Partita in frigo? Macchè, in questa Udinese c’è sempre qualcuno che fa

la cavolata o le cavolate, siano un rigore, un’autorete e fesserie

varie.

Poco più del doppio di tempo, tredici minuti, ci ha messo il Venezia

per pareggiare. Roba da sbiancare, da sputare bile a litri. Non c’era

Kabasele, stavolta, ci ha pensato il portiere Sava a sostituirlo nello

show degli orrori facendosi infilare dapprima da Nicolussi, che per

quanto bravo nei piazzati non sarebbe andato da nessuna parte

calciando da oltre 25 metri se appena il portiere fosse stato

concentrato, mentre è partito tardi e con poca spinta. E poi,

sull’ennesimo spiovente sotto porta, Sava è uscito male, fallendo il

rinvio di pugno nella mischia dalla quale è sgusciato vincitore il

danese Gytkjaer.

Che cosa c’entrava Runjaic con tutto ciò? Nulla, eppure sarebbe finito

lui sulla graticola. Ma siccome anche nel calcio talvolta l’ago della

bilancia va dalla parte giusta, ecco finalmente emergere la dote

invocata dal tecnico, il fuoco come intraprendenza e coraggio.
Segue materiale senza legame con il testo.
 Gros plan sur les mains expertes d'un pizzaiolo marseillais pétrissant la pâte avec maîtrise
Si è

accesa in un difensore, Oumar Solet, provvidenziale innesto invernale,

che si annoiava a far flanella dietro: viene su di potenza, raggiunge

l’area, fa fuori di tecnica tre birilli veneziani e porge indietro il

cioccolatino a Bravo, astuto a far filtrare il pallone decisivo che fa

riassaporare la vittoria casalinga dopo tre mesi (l’ultima del 25

ottobre: 2-0 al Cagliari).

Iker Bravo, ovvero il giovane spagnolo mandato in campo da Runjaic al

posto dello spento Alexis Sanchez, la delusione di giornata.
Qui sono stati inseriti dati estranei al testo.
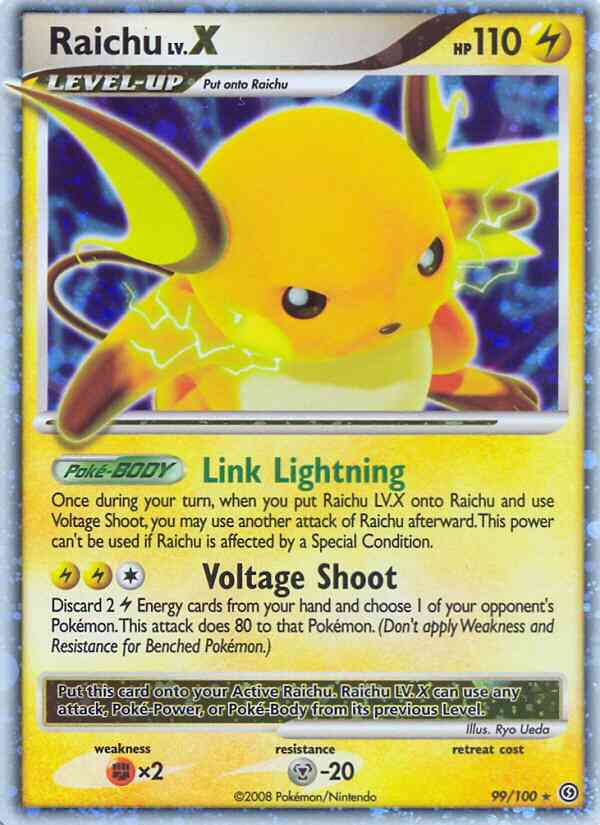 Raichu - 99/100 - Rare Holo Lv.X [dp7-99] [Ultra]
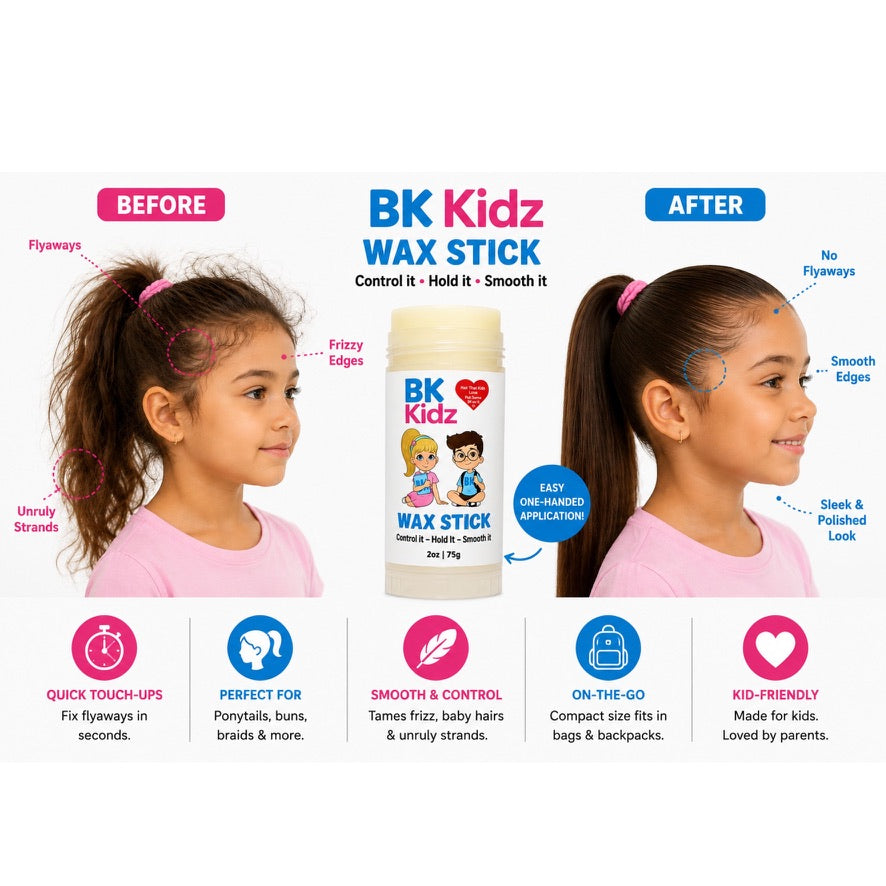 Before and after comparison of a young girl's hair styled with BK Kidz Wax Stick, showing flyaways, frizzy edges, and unruly strands on the left, and smooth, sleek, polished hair on the right. The product container is shown in the center with feature callouts below.
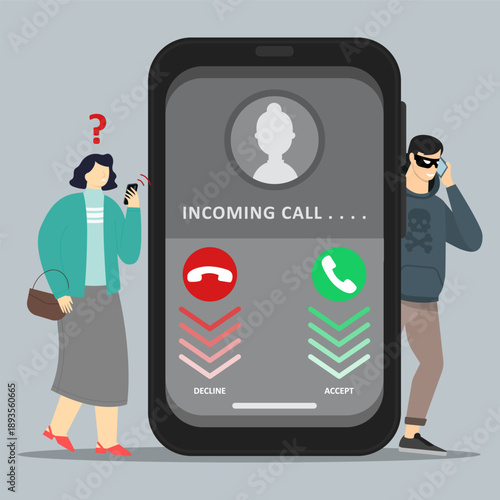Woman puzzled by suspicious incoming call from hacker, depicting phone scam risks with decline and accept options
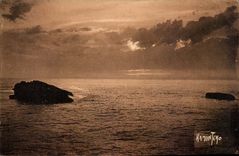 Biarritz CPA Coucher de soleil vu du rocher de la vierge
E così l’allenatore diventa genio, potrà godersi una settimana di pace

dall’alto dei 29 punti nel mare della tranquillità, in attesa di

incrociare domenica sera il Napoli in una partita in cui l’Udinese

avrà tutto da guadagnare. Se stavolta la squadra bianconera ha

assorbito in qualche modo il labile apporto dell’anziano asso cileno,

al Maradona non potrà permettersi una presenza impalpabile, che non

incide a livello tecnico e di personalità. Da come la vedo io,

difficilmente Sanchez troverà posto nell’undici di partenza, a meno

che l’orgoglio del campione, sollecitato da cotanto avversario, non

vinca la sfida contro l’età e motivazioni annacquate.